To build a tensor of a fixed length programmatically, map over a range. A template of twenty thousand zeros, used to size a Monte Carlo run, is:

template = to_tensor(map(fn (i: int64) -> cast(0.0, f32), range(cast(0, int64), cast(20000, int64))))

A tensor is turned back into a list with to_list, and an element is read with index:

prices = to_list(call_prices(spots, cast(100.0, f32), cast(0.05, f32), cast(0.2, f32), cast(1.0, f32)))
first = index(prices, cast(0, int64))

Tensors that are consumed more than once are duplicated with copy, so a value can be passed to one call and reused afterward. Several Shoals signatures are generic over a tensor length, written [n], which the caller fixes by the tensor it passes.

Functions that draw random numbers carry the Random effect in their signature, written ! { Random }. The compiler refuses to run such a function outside a seeded context, which is what makes Monte Carlo results reproducible. You supply the seed with a with seed(...) block:

px = with seed(42) {
mc_call_price(template, cast(100.0, f32), cast(100.0, f32), cast(0.05, f32), cast(0.2, f32), cast(1.0, f32))
}

Two runs under the same literal seed produce bit-identical results. This is the reproducibility contract the Monte Carlo and stochastic-process chapters rely on.

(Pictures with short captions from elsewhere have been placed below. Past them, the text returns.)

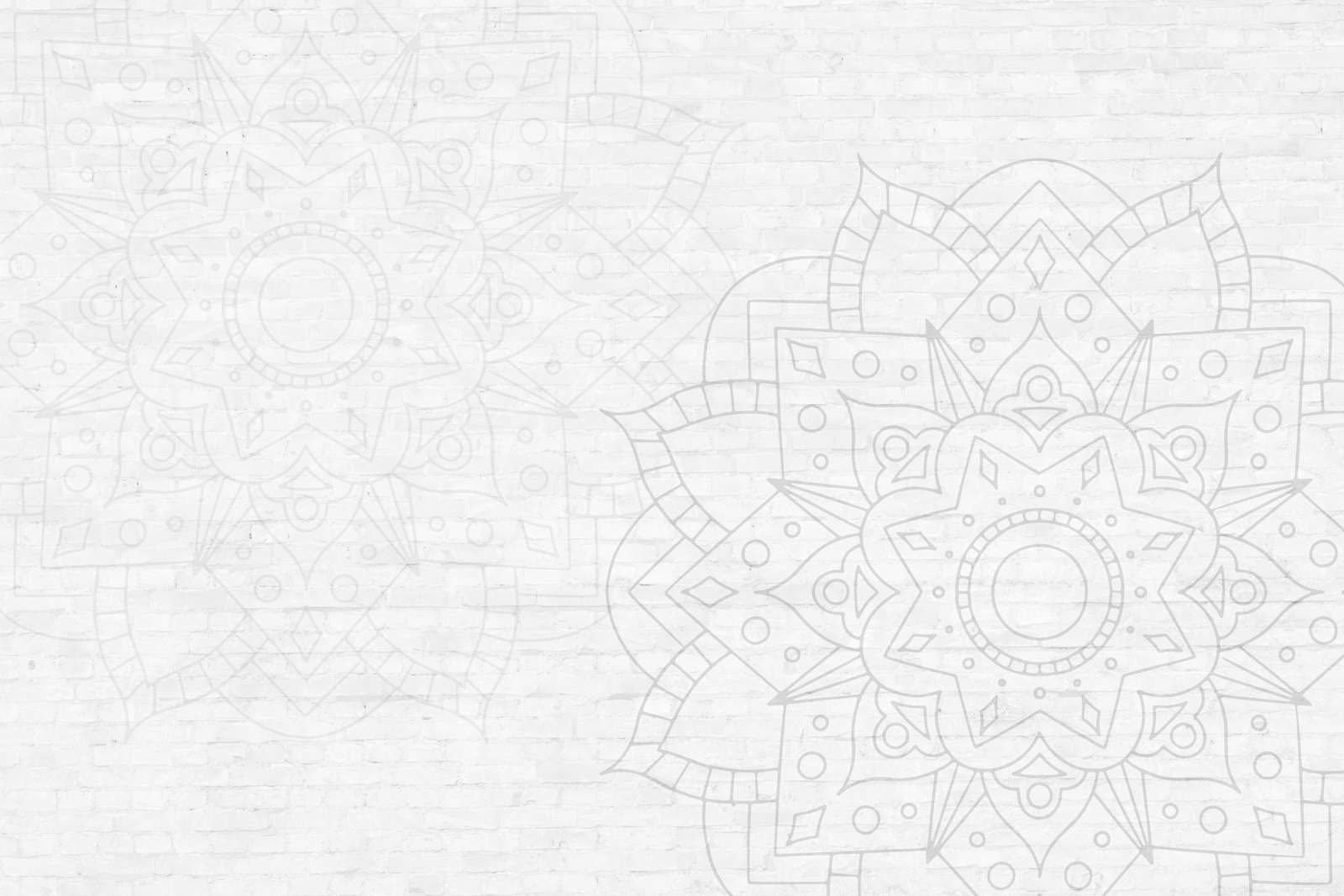 Mandala géométrique subtil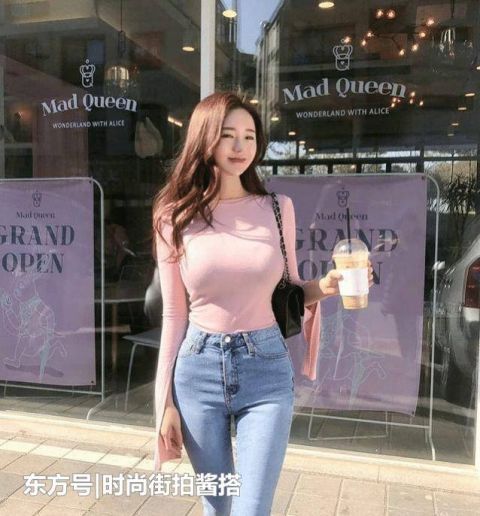  气质|一个人只要有气质，穿搭简单常见的牛仔裤也是好看的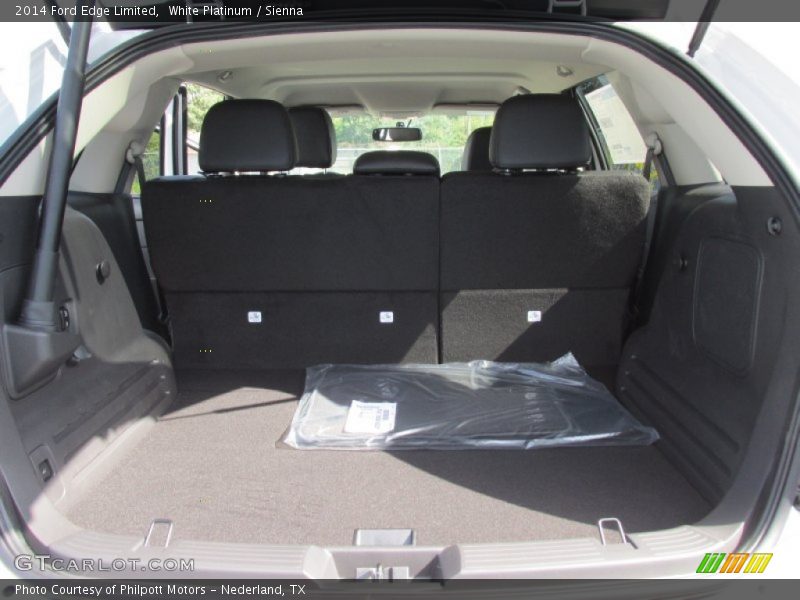 White Platinum / Sienna 2014 Ford Edge Limited
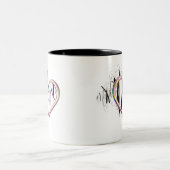 Zu Herzen wahr sein Zweifarbige Tasse (Mittel)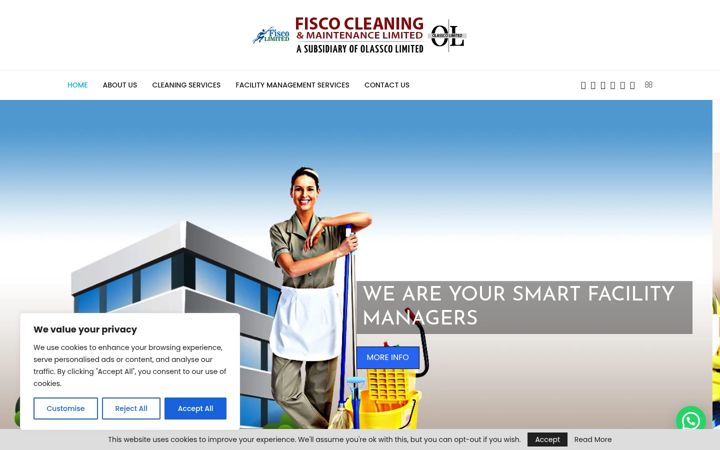 Screenshot of fiscolimited.com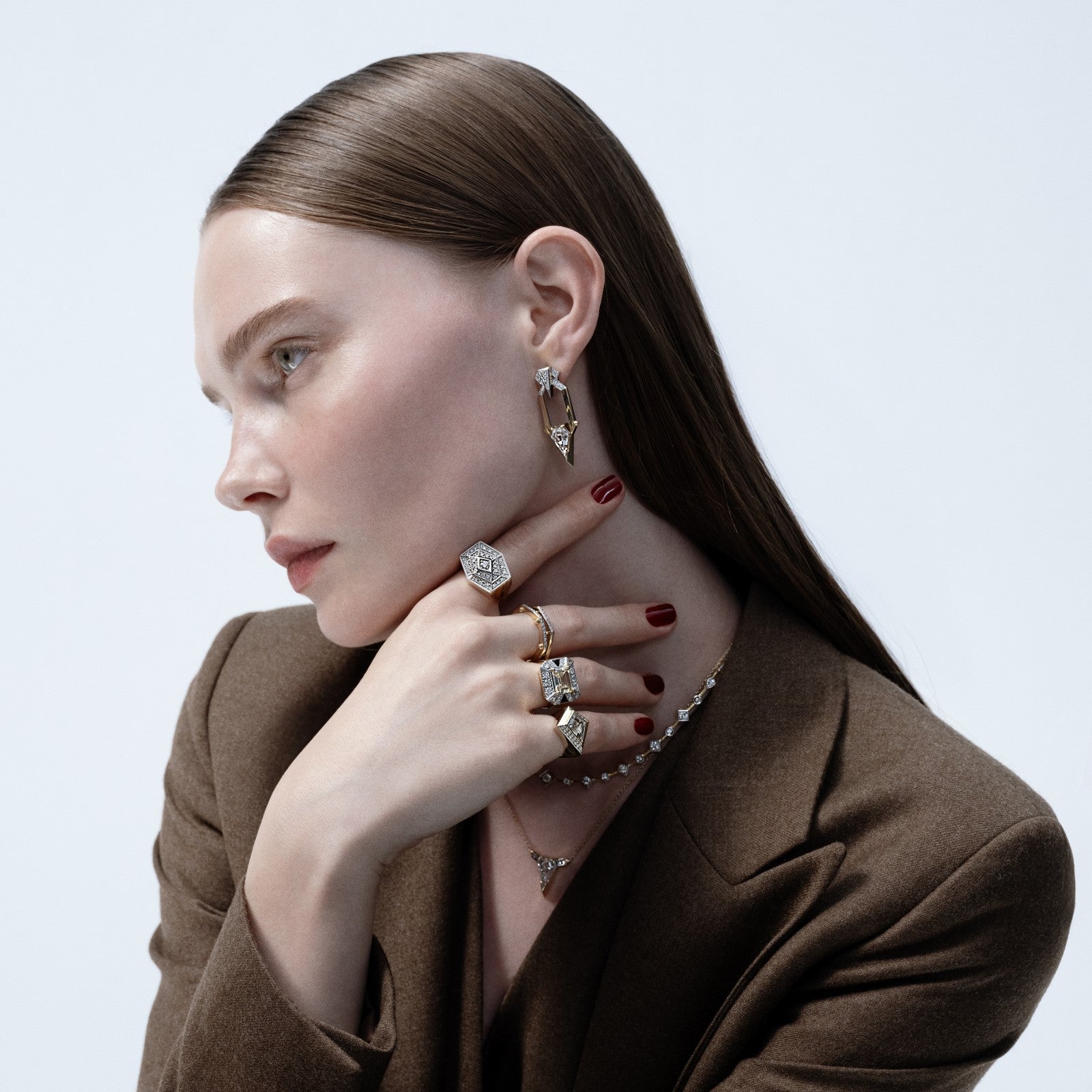 Lab Grown Diamond Silva Necklace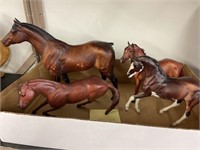 4 Breyer Horses.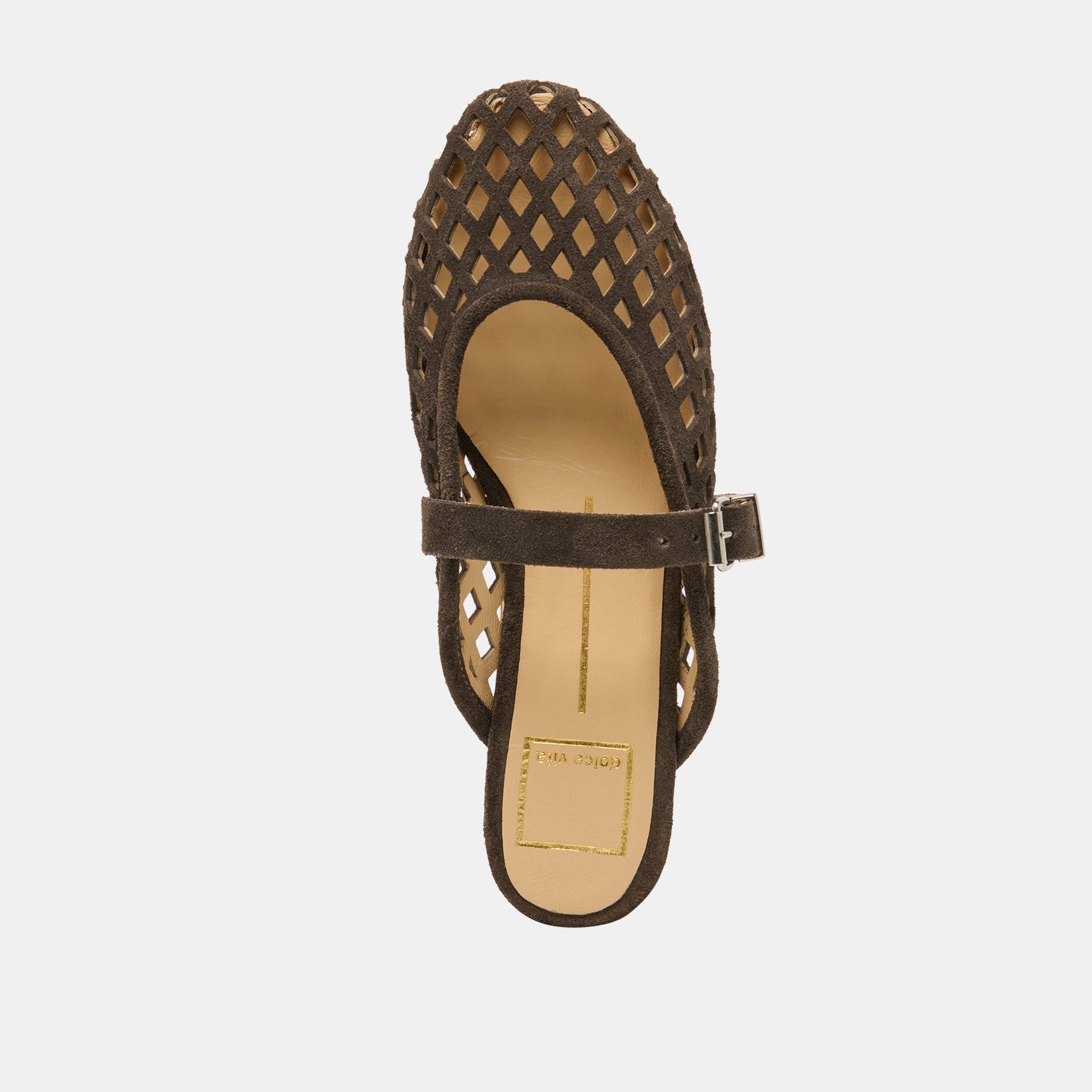 Mirian Dk Brown Suede Flats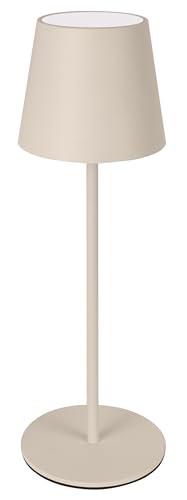 Majestic AGATA - Lampada da tavolo LED senza fili ricaricabile, Lunga durata, Dimmer Touch, Luce Calda-Naturale-Fredda, per interni ed esterni IP54, H37cm, SABBIA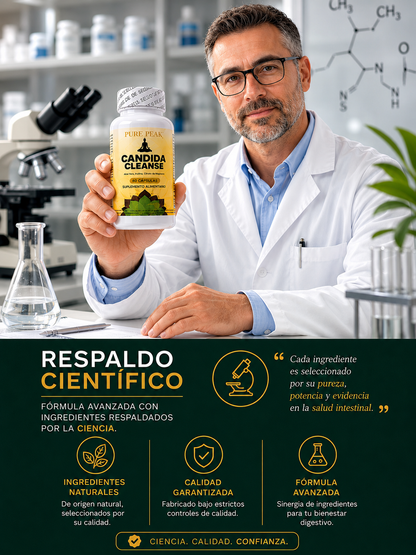 🔥 Candida Cleanse Original– Reduce la Hinchazón y Pierde Peso Naturalmente–  Lleva 2X1!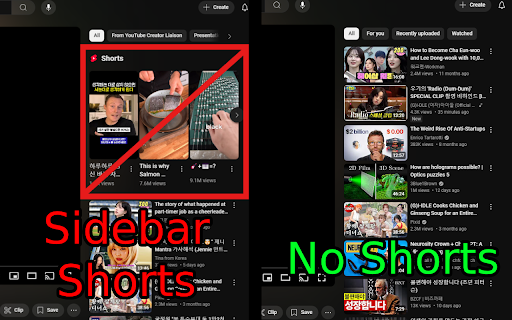 YouTube Shorts  Playables Remover  from Chrome web store to be run with OffiDocs Chromium online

Shoals defines record-style algebraic types, for example the order Order { price, qty } and the yield curve YieldCurve { kind, times, rates }. You read a field either with a dotted accessor where the language supports it (bar.high) or by matching:

match book with {
| OrderBook { bids: bs, asks: as_ } => ...
}

The module chapters show the accessor functions each type ships, so you rarely need to match by hand.

Throughout this book a signature like

def mc_call_price[n](template: tensor[n, f32], s0: f32, k: f32, r: f32, sigma: f32, t: f32) -> f32 ! { Random }

reads as: generic over length n, takes a length-n template tensor and five f32 arguments, returns an f32, and carries the Random effect. Functions without an effect clause are pure.